D’ailleurs, sans doute, vous conviendrez aisément avec moi, mes frères, que l’unique moyen de salut que Dieu ait mis à la disposition de l’homme ne pouvait être borné ni par le temps, ni par les lieux. Il devait être à la portée de tous les âges, de tous les sexes, de tous les états, de toutes les conditions, d’où sortent effectivement les appelés et les élus. Il doit réellement subsister jusqu’à la consommation des siècles. Il doit exercer son efficacité, du moins successivement, dans toutes les parties de la terre. Aussi Jésus-Christ annonçait-il à ses disciples qu’ils lui rendraient témoignage, non seulement à Jérusalem, dans la Judée et dans la Samarie, mais encore jusqu’aux extrémités les plus reculées du monde: Et eritis mihi testes in Jerusalem, et in omni Judea et Samaria, et usque ad ultimum terrae.
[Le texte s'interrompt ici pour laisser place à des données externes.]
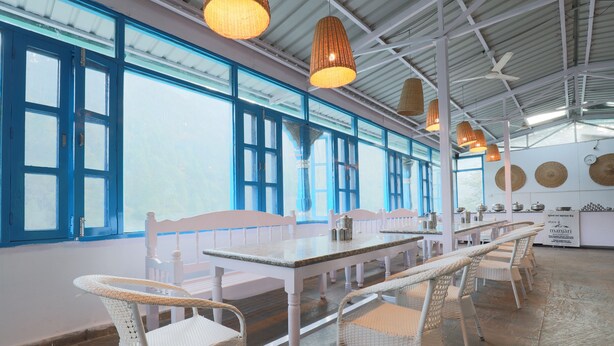 A dining area with white wicker chairs, a long table, and hanging pendant lights. - MANJARI RESORT (Ghansyali)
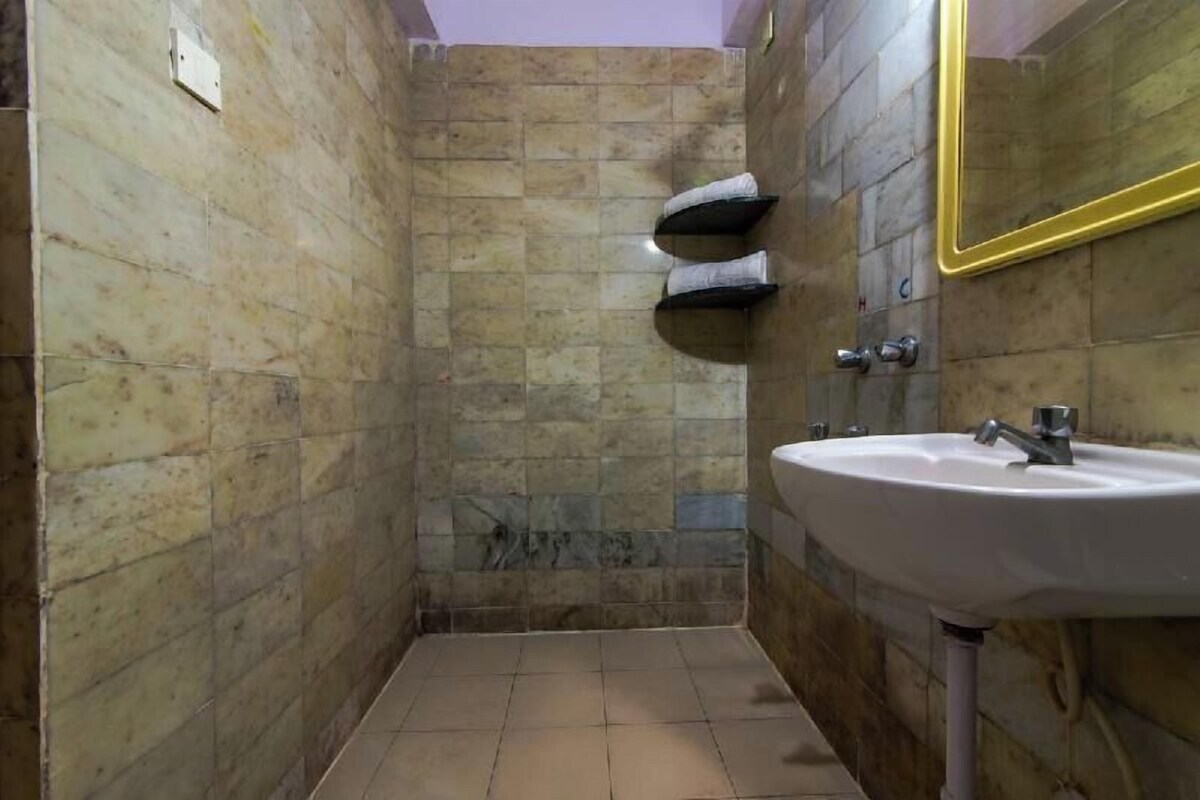 A bathroom with a white sink, a mirror with a gold frame, and a shower area with stone tiles.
Enfin, la véritable Eglise doit être apostolique, c’est-à-dire elle doit enseigner légitimement la doctrine de Jésus-Christ. Mais pourriez-vous vous flatter d’entendre la véritable doctrine de Jésus-Christ, sans être assurés que la doctrine que nous vous prêchons nous a été réellement transmise d’âge en âge par les apôtres, et que nous vous la prêchons avec autorité? Nous avons donc deux obligations essentielles à remplir à votre égard: la première consiste à vous développer la doctrine et la morale apostolique; la seconde est fondée sur ce que nous devons vous parler avec ce pouvoir, avec cette autorité que les apôtres et les disciples reçurent de leur divin Maître. Sans le concours de ces deux conditions, nous ne pourrions exiger de vous aucune soumission, nous n’aurions aucun droit à votre confiance. Vous devriez nous fuir; vous nous fuiriez, en effet, si vous étiez fondés à croire ou que nous altérons le précieux dépôt de la foi, ou que nous vous l’annonçons sans avoir une mission légitime.
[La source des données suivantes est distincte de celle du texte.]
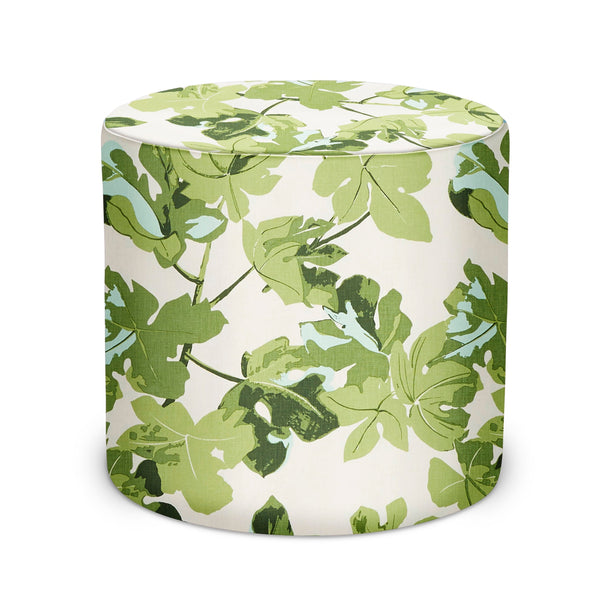 Indoor pouf with cylindrical shape and green fig leaf pattern on light fabric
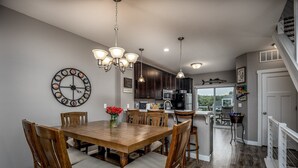 A dining area with a wooden table and chairs, a chandelier, and a wall clock. - L`il Getaway (Ottawa)
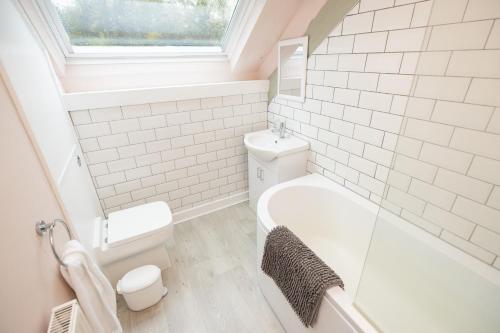 a bathroom with a tub and a toilet and a sink at The Coach House in Llangollen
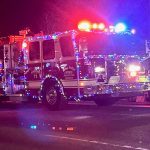 A fire truck decorated with colorful lights drives down a street at night during a parade.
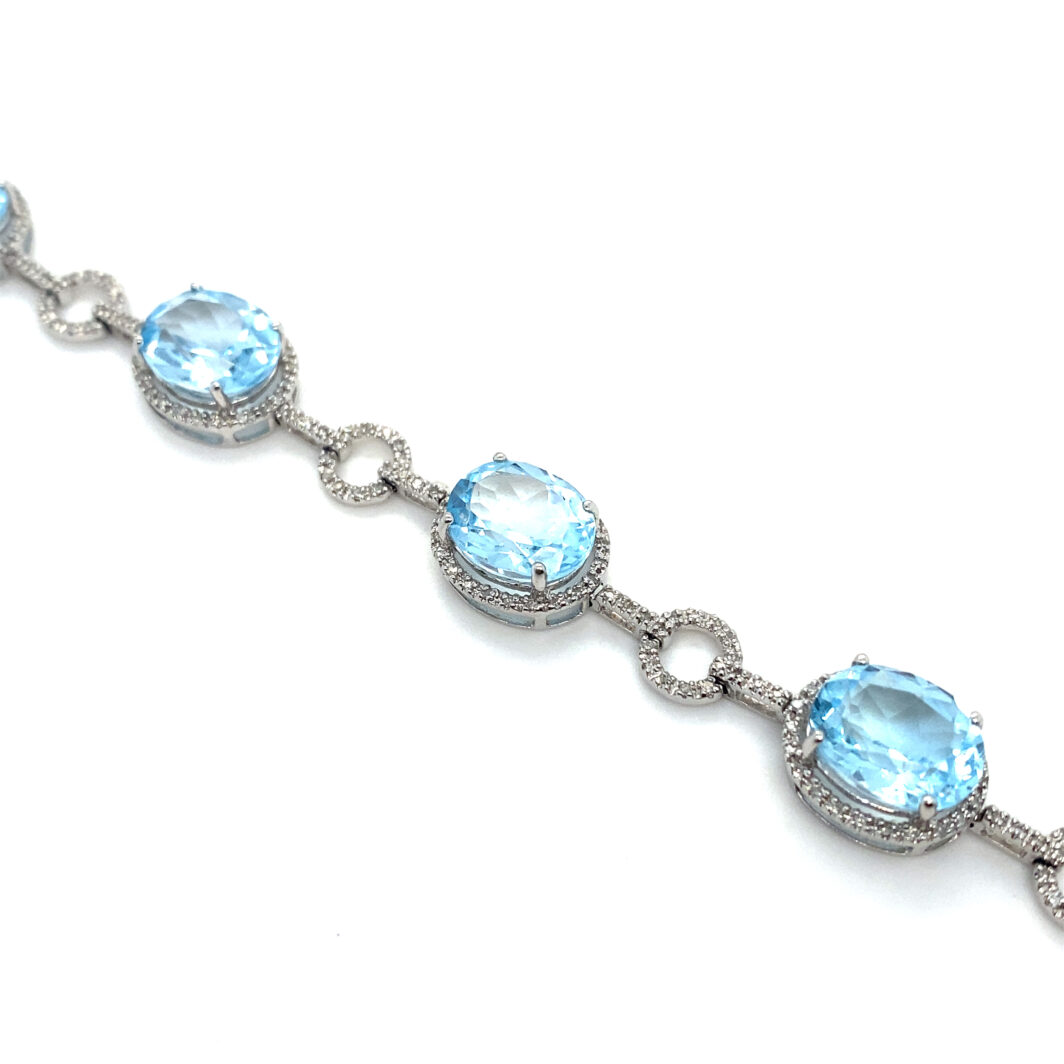 a bracelet with blue stones and diamonds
Tout, en effet, doit être apostolique dans une Eglise apostolique. Sa doctrine et sa morale doivent venir de Jésus-Christ et nous être transmises par les apôtres; notre mission doit dériver de Jésus-Christ par le canal de ses apôtres et de leurs successeurs dans l’épiscopat, qui est la continuité de l’apostolat. Mais sans entrer ici dans des détails qui prolongeraient trop cette séance, je vous dirai qu’il suffit de savoir que vous êtes dans l’Eglise et avec l’Eglise tant que, soumis vraiment à son [= vos] pasteur[s] immédiat[s], vous avez la certitude que ceux-ci sont dans la communion de votre évêque, et que votre évêque est visiblement uni à la chaire de Pierre. Car c’est effectivement là le chaînon qui vous attache à l’unité, à la sainteté, à la catholicité et à l’apostolicité de l’Eglise de Jésus-Christ.